Check out our tutorial on conducting a technical SEO audit if you’re interested in delving further into the audit.

Conclusion

Performing a thorough SEO audit is essential for optimizing your website’s performance and enhancing its visibility on search engines. By systematically examining various aspects such as on-page elements, technical SEO, content quality, and backlink profile, you can identify areas for improvement and develop a strategic plan to boost your site’s search engine rankings.

Remember that SEO is an ongoing process, and regular audits are crucial to staying ahead in the dynamic digital landscape. Stay informed about the latest algorithm updates and industry best practices to ensure your website remains optimized for search engines. A well-executed SEO audit not only helps you fix existing issues but also provides valuable insights for future optimization efforts, ultimately contributing to the long-term success and sustainability of your online presence. Keep adapting and refining your SEO strategy based on audit findings to achieve and maintain strong visibility in search engine results.

FAQs

How come my website needs an SEO assessment, and what exactly is it?

Your website’s performance in search engine rankings can be thoroughly examined by doing an SEO audit. It involves assessing various factors like on-page and off-page elements, technical aspects, and content quality. Conducting an SEO audit is crucial to identify areas for improvement and ensure your site is optimized for better visibility in search results.

On what frequency should I check my website’s SEO?

The frequency of SEO audits depends on various factors such as the size of your website, the frequency of content updates, and changes in search engine algorithms. However, it’s generally recommended to conduct a thorough SEO audit at least once a year to stay on top of any potential issues and adapt to the evolving SEO landscape.

What tools can I use to perform an SEO audit?

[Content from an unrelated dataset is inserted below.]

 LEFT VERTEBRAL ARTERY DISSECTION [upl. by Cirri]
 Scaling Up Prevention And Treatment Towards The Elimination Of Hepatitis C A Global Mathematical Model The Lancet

An SEO audit can be facilitated by several accessible technologies.  Some popular ones include Google Analytics, Google Search Console, SEMrush, Moz, and Ahrefs. These tools help analyze factors such as website traffic, keyword performance, backlink profile, and technical SEO issues. Using a combination of these tools can provide a comprehensive overview of your website’s SEO health.

During an SEO audit, what should one pay close attention to?

An effective SEO audit should cover a range of elements, including on-page SEO (meta tags, content quality, keyword usage), technical SEO (site speed, mobile-friendliness, crawl errors), off-page SEO (backlink profile, social signals), and user experience. Addressing these aspects ensures a holistic approach to optimizing your website for search engines.

How can I address issues identified during an SEO audit?

Once you’ve identified issues through the audit, it’s essential to prioritize and address them. This may involve optimizing content, fixing technical issues, improving site structure, or enhancing backlink quality. Develop a strategic plan based on the audit findings and consider seeking professional assistance if needed. Regularly monitoring and updating your SEO strategy will help maintain and improve your website’s search engine performance over time.